I picked up the phone to shut the situation down and to no one’s surprise .. he didn’t pick up.

I called again and again.

This time, starting to worry ..

My resentment was building but the human in me was genuinely worrying.


Flashing back to years prior …

Situation after situation …

Being up late at night searching jail databases, …

Calling hospitals to see if his body had shown up …

Driving around town …

All while my mother chose to stay home and sleep.


Flashing back to all the responsibility I took for everyone else’s well-being.

Flashing back to feeling that if something bad were to happen, then it was my fault.

I didn’t do enough.

I didn’t say enough.

I am not enough.


I watched myself experience this, …

I witnessed my body getting stressed out and my heart start to close …

I started feeling emotionally removed and distant, …

Instantly exhausted and angry …


I finally looked to my sister and I said enough.

We know better now.

We can’t save him.

We can’t save her.

We can’t save anyone.

Compassion is not the same as tolerance.

Being abused is not an excuse to then abuse other people. 


We are not responsible for him.

We are not in charge of his health.

We are not in control of what he choses to do or not do.


We know better to stay in our lane now.

He will either figure it out or he won’t.


We were both feeling drained.  

Though, relieved at our clarity and gentle with our humanity.
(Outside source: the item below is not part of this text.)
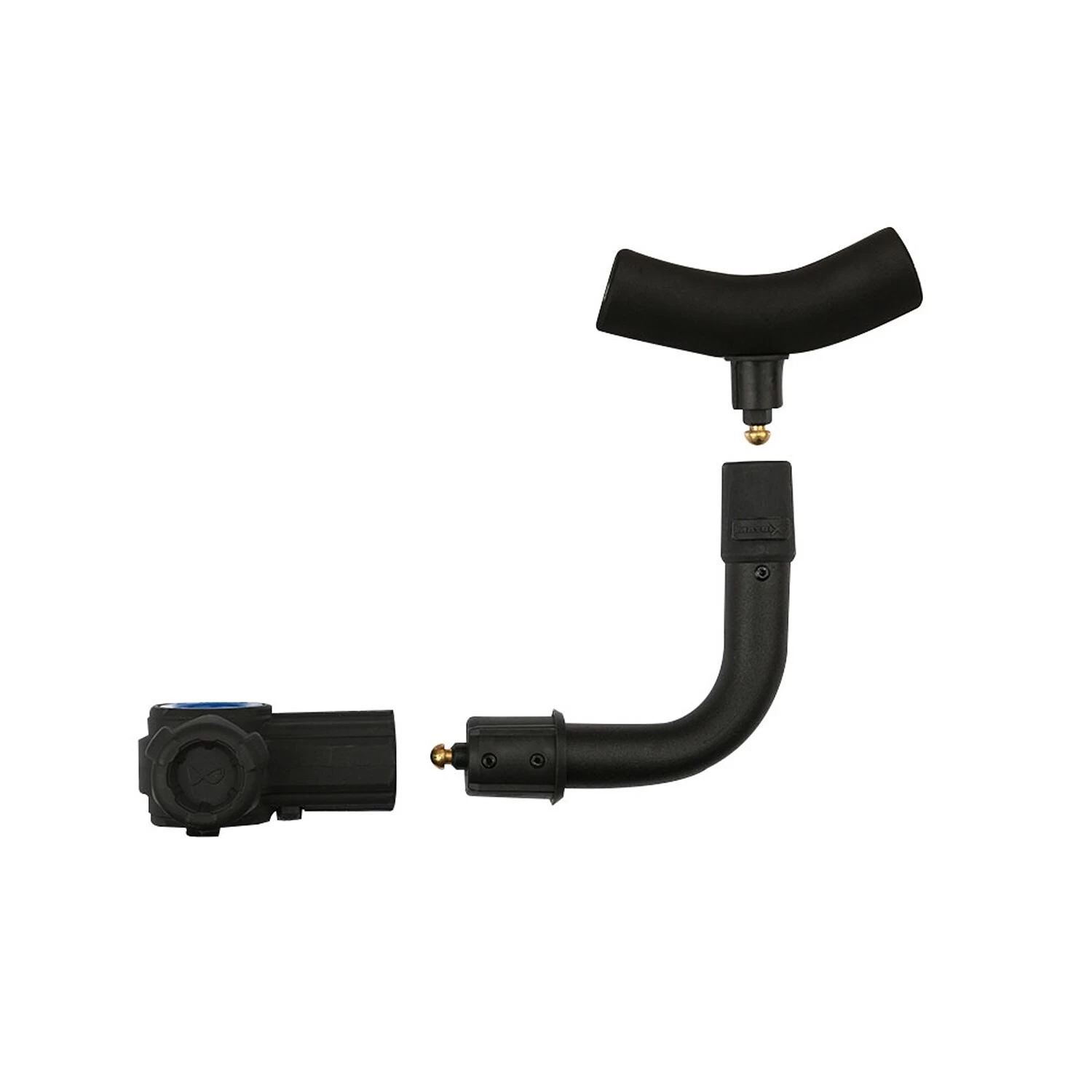 Matrix Eva Butt Rest 4 Matrix Eva Butt Rest - Afbeelding 2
We never wanted him to fail.

We spent years trying to get him on the right side of all of this.

And we still want that – for him to succeed.

This time, just not with us.


It doesn’t make us bad people.

It doesn’t make us selfish.

It doesn’t make us anything other than proud of all the work we’ve done behind the scenes to navigate these situations a little better.
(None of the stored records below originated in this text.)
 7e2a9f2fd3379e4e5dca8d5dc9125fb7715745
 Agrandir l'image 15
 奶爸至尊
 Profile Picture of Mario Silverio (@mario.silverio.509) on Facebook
Proud that we were able to witness the old story playing out and return to what we know to be true.


It was a lesson we’ve learned before, and a lesson we learned again.

You can’t save anyone. 

It doesn’t matter what you say, do, compromise or accept – people will be who they want to be.

They will see what they want to see and feel what they want to feel.

We are only in control of us.


And us, … is where we’ve learned to love to be.